There has been an explosion of stablecoins (or cryptocurrencies that trade at parity with fiat currencies) in the cryptocurrency ecosystem in the last month. Now a new alliance backed by two of the biggest players in the ecosystem plans to connect the stablecoins with fiat currencies. North America’s largest cryptocurrency exchange Coinbase and Goldman Sachs-backed fintech company Circle announced the CENTRE consortium today to “speed up” adoption of stablecoins backed by fiat currencies.
In a press release, Circle’s co-founders said that their vision was that of an “open global financial system built on crypto rails and blockchain infrastructure.” This vision, according to them, “requires industry leaders to collaborate to build interoperable protocols and standards.”
Problems With The Current Stablecoin Ecosystem
Stablecoins are expected to fulfill the promise of bitcoin as a medium for daily transaction. Typically, they are backed by fiat currencies, such as the US dollar, in a bank account. This strategy enables quick redemption in case of volatility and reassures investors about the stability of cryptocurrency markets.
But such coins have come under a cloud of suspicion this year after reports surfaced that Tether, the most famous example of such a stablecoin, may not have sufficient dollars backing its trading volume. The stablecoin, which shares the same management company as well-known cryptocurrency exchange Bitfinex, has failed to provide evidence of its reserves and refused to submit to a comprehensive public audit. The recent breaking of its peg to the US dollar and subsequent volatility in the prices of stablecoins across exchanges have further multiplied investor fears about stablecoins.
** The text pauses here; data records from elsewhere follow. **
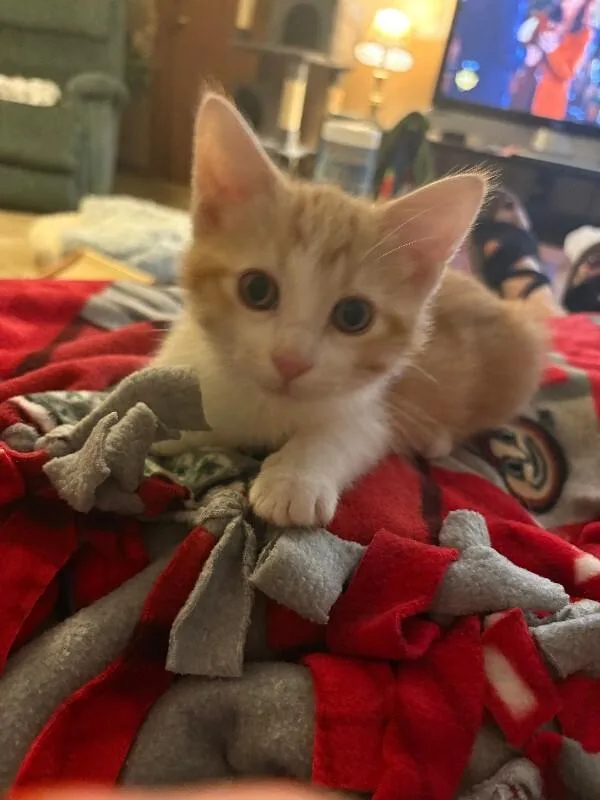 A young small-sized male Domestic Medium Hair cat named Cinnamon for adoption in Yankton, SD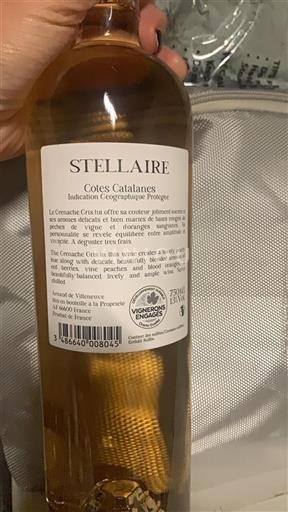 Linguadoca e Rossiglione Côtes catalanes Arnaud de Villeneuve Stellaire Senza annata
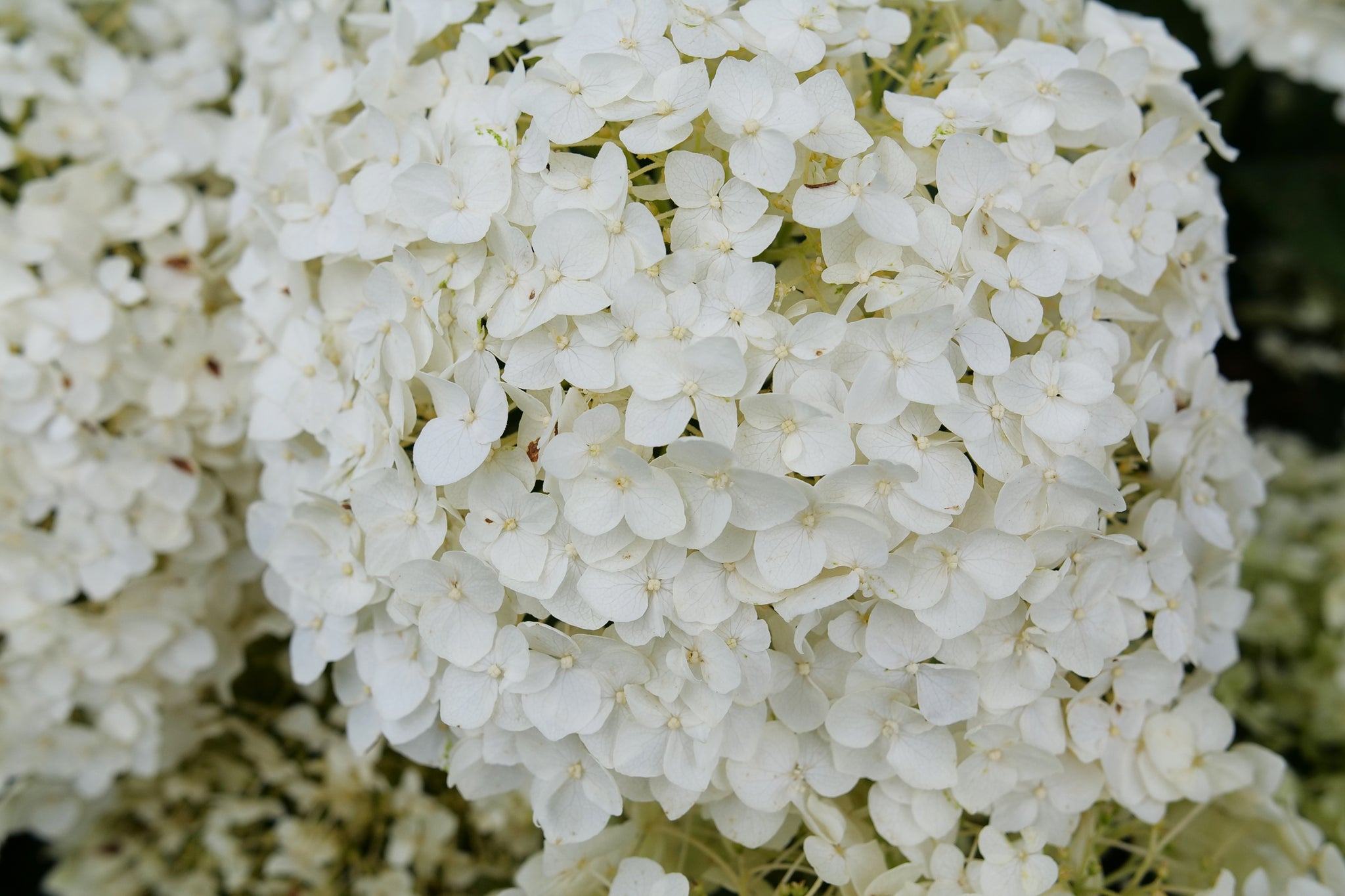 Hydrangea arborescens Invincibelle Wee White 2.0 SMNHAWH PPAF, CBRAF Invincibelle Wee White 2.0 Hydrangea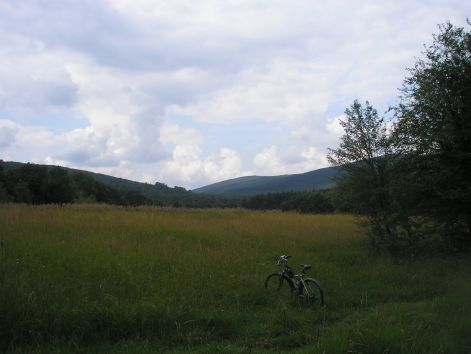 4-p6282279.jpg 4-p6282279.jpg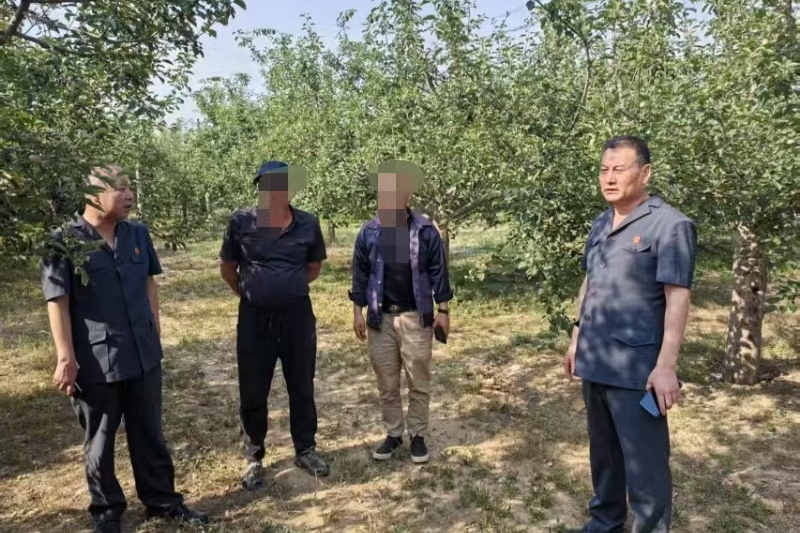陕西延安市洛川县法院：果园承包诉公堂 联动解纷促和谐 ​ 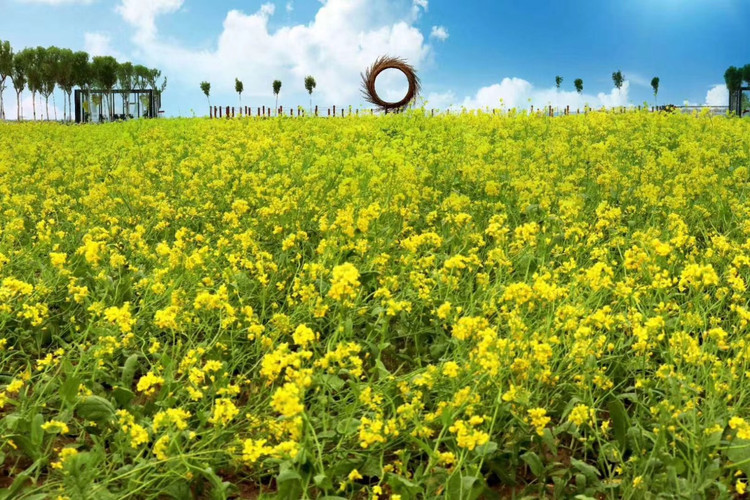 稻香公园见花海 帐篷野餐闻花香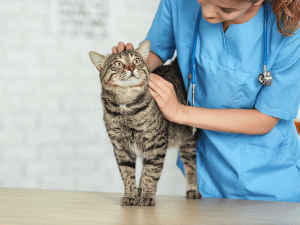 Mobile Kitty Cat Visits in Boca Raton, Florida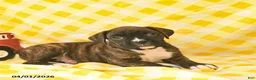 Boxer dogs for sale: Janelle  - Ad 3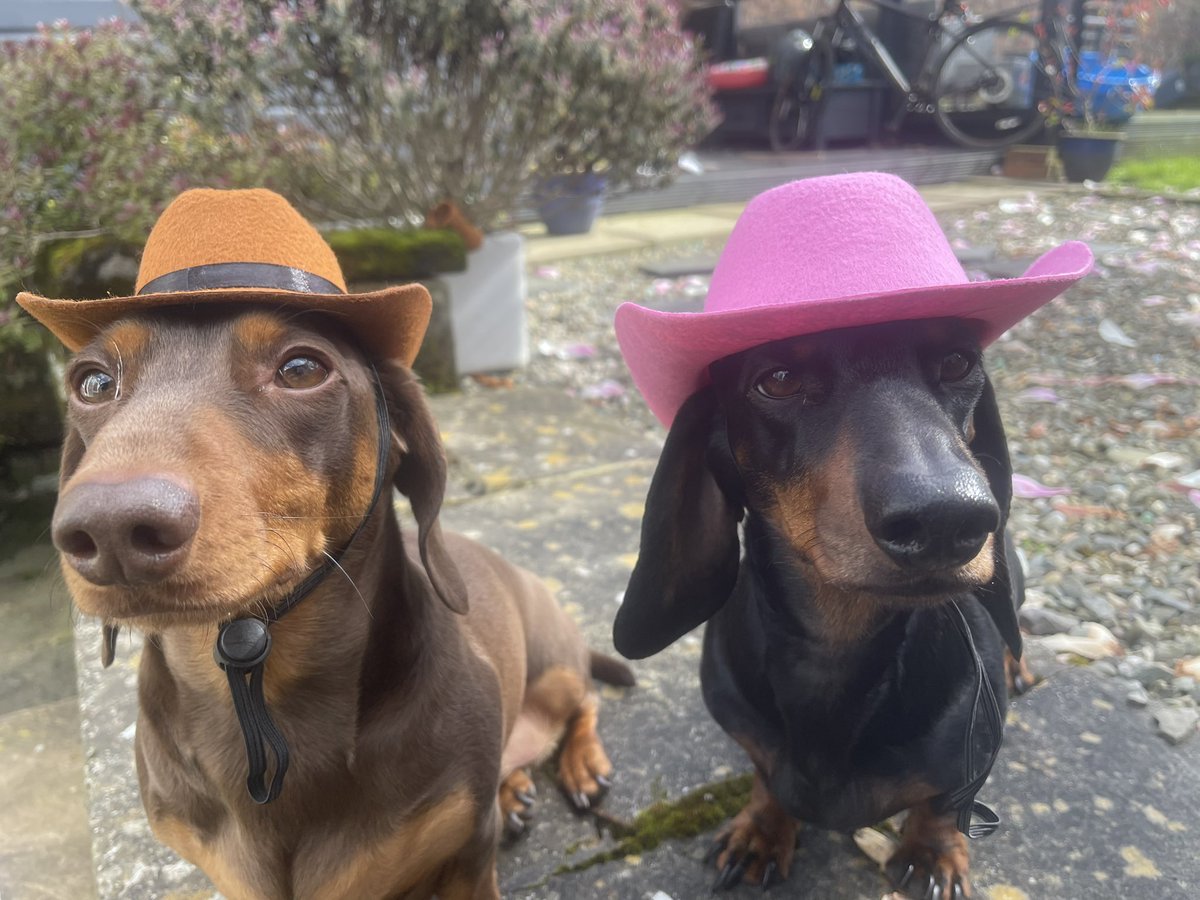 Frankie & Stanley, thrilled as always to be featuring in our social media posts… 

#dachshunds  #postoffice #usdollars #texas #shrewsbury #abbeyforegate #cowboyhat
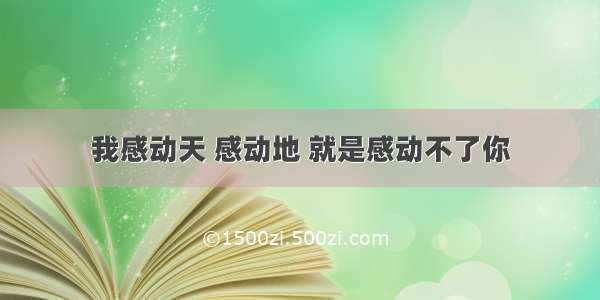 我感动天 感动地 就是感动不了你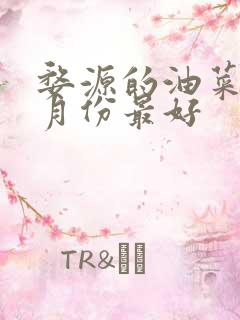 婺源的油菜花几月份最好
Circle, which bought cryptocurrency exchange Poloniex earlier this year, also has a stablecoin called USD Coin (USDC). Like Tether, it is backed by the US dollar and will begin trading on Coinbase as of today. “We see USDC as a major step towards a more open financial system. The advantage of a blockchain-based digital dollar – like USDC – is that it is easier to program, send, use in apps, and store locally than traditional US dollars,” Coinbase stated. Unlike Tether, however, USDC will be regulated and has promised to submit itself to public audits.
The stablecoin’s price jumped slightly before returning to stability during the recent decline in stablecoin prices. (But that might also be due to the fact that trading volumes for the coin are fairly low since it began trading only on Oct 8).
CENTRE’s fix to problems in the current ecosystem is to have stablecoins that adhere to a uniform approach that is compliant with existing regulations. For example, members of its consortium should have Anti-Money Laundering (AML) and Know Your Customer (KYC) practices in place and will have to submit to regular public audits for their reserves. The idea is to have an ecosystem that eases the flow of stablecoins between smart contracts, thereby making daily transactions possible between different contracts. To that end, interoperable standards and protocols will help developers integrate CENTRE into their respective stablecoins.
Investing in cryptocurrencies and other Initial Coin Offerings ("ICOs") is highly risky and speculative, and this article is not a recommendation by Investopedia or the writer to invest in cryptocurrencies or other ICOs. Since each individual's situation is unique, a qualified professional should always be consulted before making any financial decisions. Investopedia makes no representations or warranties as to the accuracy or timeliness of the information contained herein. As of the date this article was written, the author owns 0.21 bitcoin and 1 Litecoin.